= What is being asked =
Give the data again exactly as written, without any of its pictures.

= Supplied material =
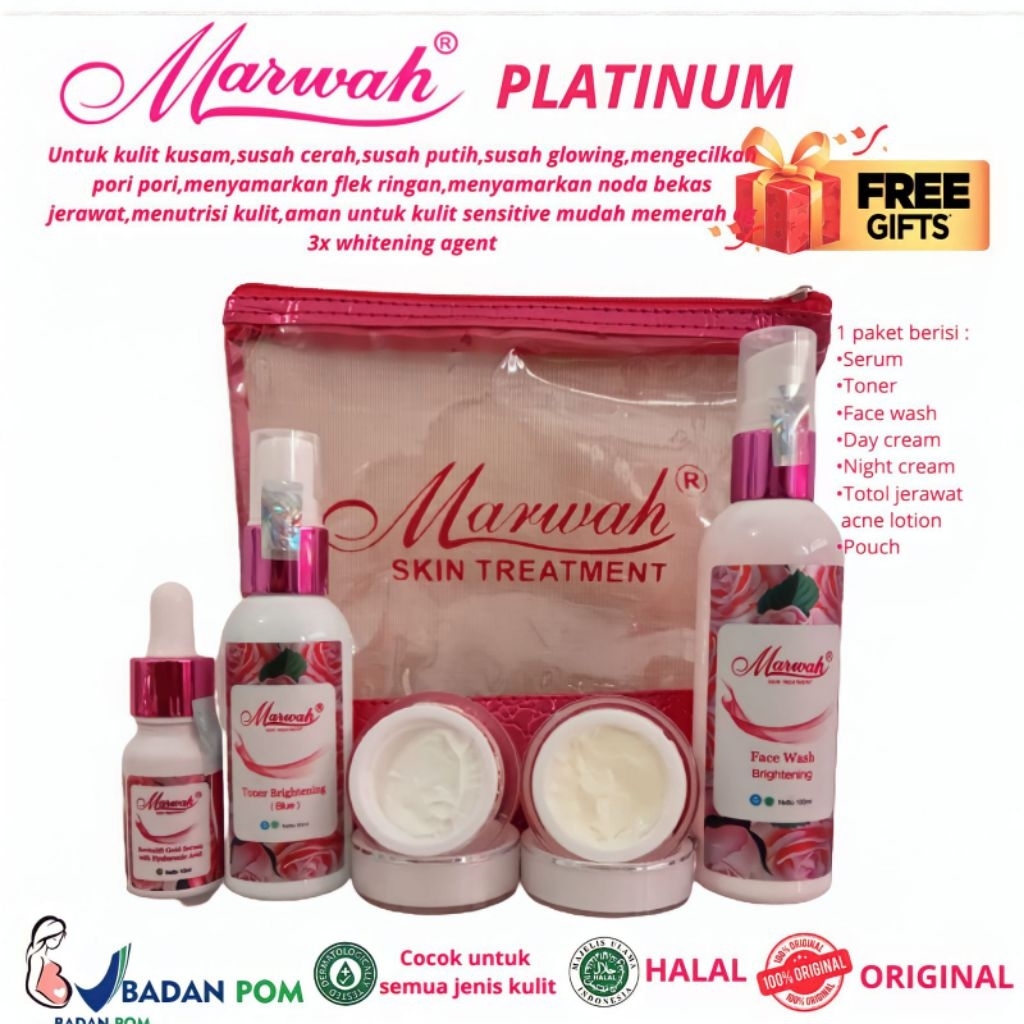 Marwah Platinum marwah skincare untuk kulit kusam kering susah cerah putih membuat wajah glowing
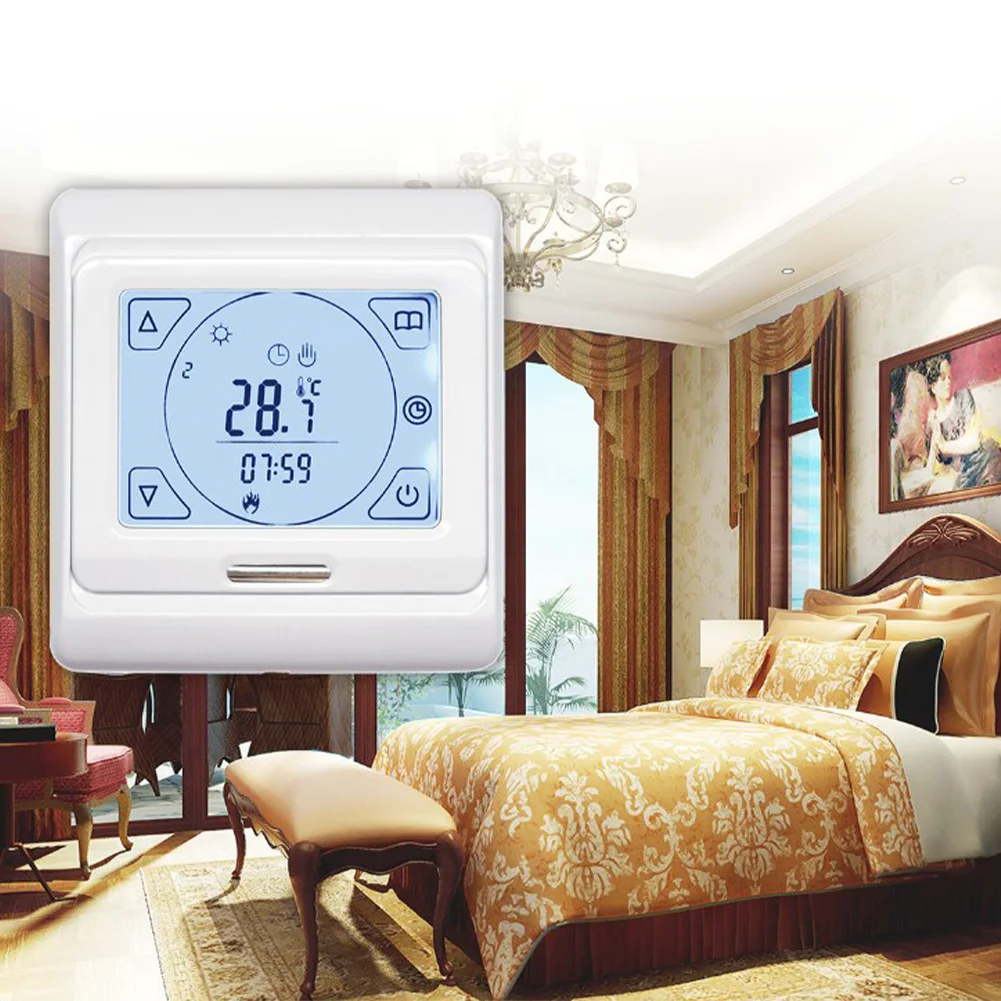 

Smart Thermostat for Electric Underfloor Heating with Touchscreen Control and Dual Sensor Temperature Management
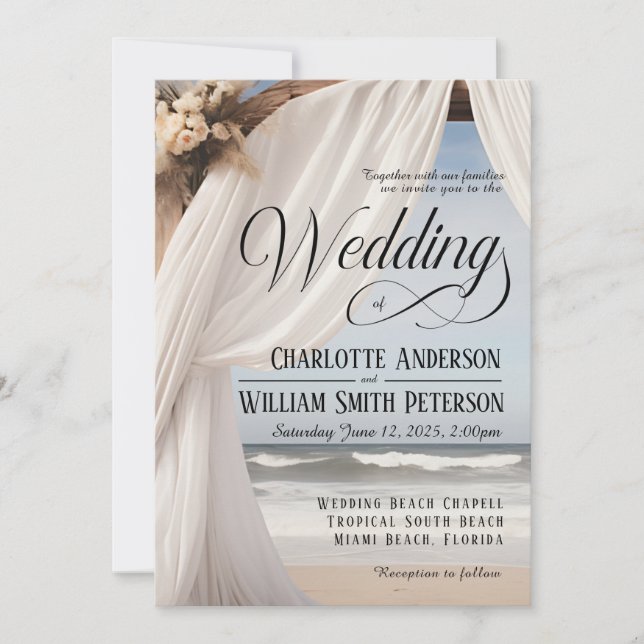 Convite Rustic Elegant Beach Wedation (Frente)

= Task response =
 Marwah Platinum marwah skincare untuk kulit kusam kering susah cerah putih membuat wajah glowing

Smart Thermostat for Electric Underfloor Heating with Touchscreen Control and Dual Sensor Temperature Management
 Convite Rustic Elegant Beach Wedation (Frente)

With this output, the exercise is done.